While it’s no The Office or 30 Rock, the show has its moments and is quickly becoming a decent way to spend a half our before the major primetime comedies hit on Thursday night at 9 p.m.

M. Garrett Bauman, an emeritus professor of English at Monroe Community College in New York, however, doesn’t think so.

In an article in the Chronicle of Higher Education, Bauman argues that the show’s cast of quirky characters (a divorcee, a former football star and a once straight A high school student to name a few) are not representative of students at a real community college. Bauman says the show overlooks people too poor to go to an expensive four-year university, people on welfare, high school slackers etc.

“I suppose students truly shattered under life’s wheel and those seeking technical jobs don’t make for perky television material.”

Bauman concedes that it is, of course, made that way for comedic effect. And in an effort to entertain extorts the assumptions many people make about the institution.

“Community does not capture the real community college—as if there were one. But neither do M*A*S*H, Scrubs, or The Office capture actual institutions. Comedy exaggerates, romanticizes, and deconstructs. Community plays off stereotypes and clichés, reinforcing and puncturing them at the same time.”

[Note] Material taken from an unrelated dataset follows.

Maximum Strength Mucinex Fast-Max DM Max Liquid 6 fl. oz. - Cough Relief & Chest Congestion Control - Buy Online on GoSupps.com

All we have to say is, of course its not real. That’s what comedy is. That’s what two hours on Thursday night on NBC is. In the real world, a boss like Michael Scott would have been fired years ago. A doctor like J.D. Dorian would never be able to get away with daydreaming constantly on the job while people are dying around him. And Tracy Jordan would be a washed up self-absorbed former TV star who was once on a sketch comedy series. And no one wants to watch those shows.